Tartışmanın içeriğine bakıldığında, yargı bağımsızlığı ve yargı kararlarının adil olmasının, temel bir ilke olarak algılandığı anlaşılmaktadır. Yani yargının bağımsızlığının mümkün olduğu bir önyargı olarak her kes tarafından benimsenmiştir. Yargı kararlarının adaleti sağlaması gerektiğine dair bir inanç mevcuttur. Yani sistemin kendisi doğru kabul edilmektedir. Sapmalar uygulayıcılardan kaynaklanmaktadır. Yargıçların kendi aralarında gruplaşmaları ve yasanın açık hükümlerine rağmen farklı anlamlar çıkarmaları ve uydurulan bu anlamlara göre hüküm vermeleri suç olarak kamu vicdanında yer almaktadır.

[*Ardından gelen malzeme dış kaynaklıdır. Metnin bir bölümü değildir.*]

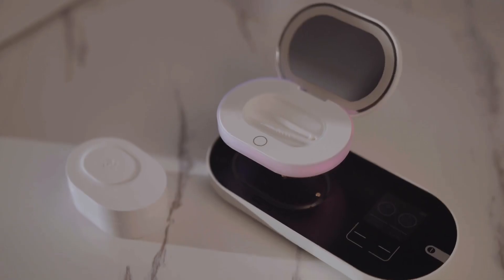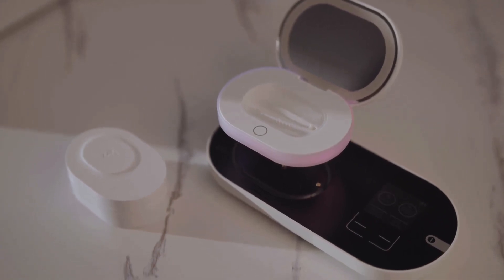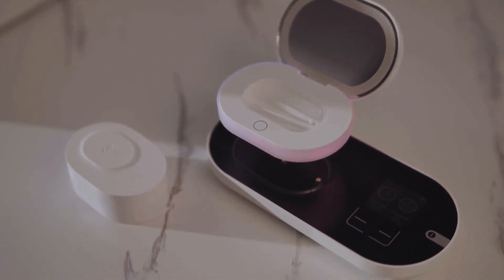With 9 years of research and development, 5 generations of products, and countless real user reviews, ReO2 Generation 6 is the most potent contact lens cleaner we've ever made. Your support will enable us to start production and bring this wonderful product to people like you. Thank you for backing our project.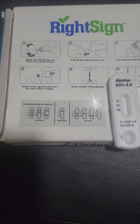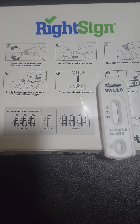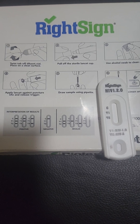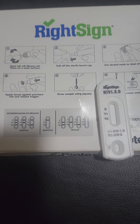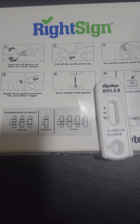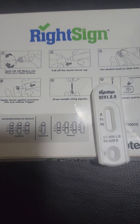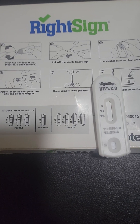If the test is invalid, the control line C will not be activated. If there is indication on T1 or T2 but no control line, or there is no indication at all, then the test is invalid and you will have to redo another test or alternatively do a full blood test.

Bu seride yazcağım yazılarda, yargı bağımsızlığının fiilen mümkün olup olmadığını, modern ve mevcut hukuk sistemimizin adaletle ne kadar ilgili olduğunu açıklığa kavuşturmaya çalışacağım. Adalet ile hukuk sistemini örtüşen değerler olarak düşünmediğimi belirtelim. Çünkü hukuk düzeni adalet duygusundan bağımsız olarak işleyen bürokratik bir aygıttır. Bu aygıtın iktidardan, siyasi yönetimden, dini naslardan bağımsız bir tüzel kişiliğe sahip olması hiçbir bir şeyi değiştirmez. Çünkü bu hali ile kendi içinde büroratik olarak işleyen özel bir iktidar, güç ve kudret alanı inşa etmektedir. Dolayısıyla bağımsız yargı, fiili duruma bakıldığında sadece bir göstergedir.
Adalet arayışı, bilindiği gibi, her zaman insanlığın en önemli çabalarından birisi olmuştur. İnsanlar hep adil bir düzenin özlemini çekmiştir. Adalet özlemi sadece ahlaki ve insani bir duygu ve istek de değildir. Bunların ötesinde siyasi bir tavır ve tutumdur. Bundan dolayı olsa gerek, ideolojik-doktriner düzenlerin, bütün siyasi rejimler ve iktidarların en önemli amacı söylemde de olsa, her zaman adaleti sağlamak olmuştur. Bütün yönetimler ve rejimler bunun için iktidara geldiklerini, bunun için başka ülkeleri işgal ettiklerini ve bir önceki iktidarı devirdiklerini ileri sürmüşlerdir. Adalet bu bakımdan her zaman önemli bir siyasi değer olmuştur. Buna rağmen adaletin bir türlü sağlanamadığı da tarihi bir gerçektir.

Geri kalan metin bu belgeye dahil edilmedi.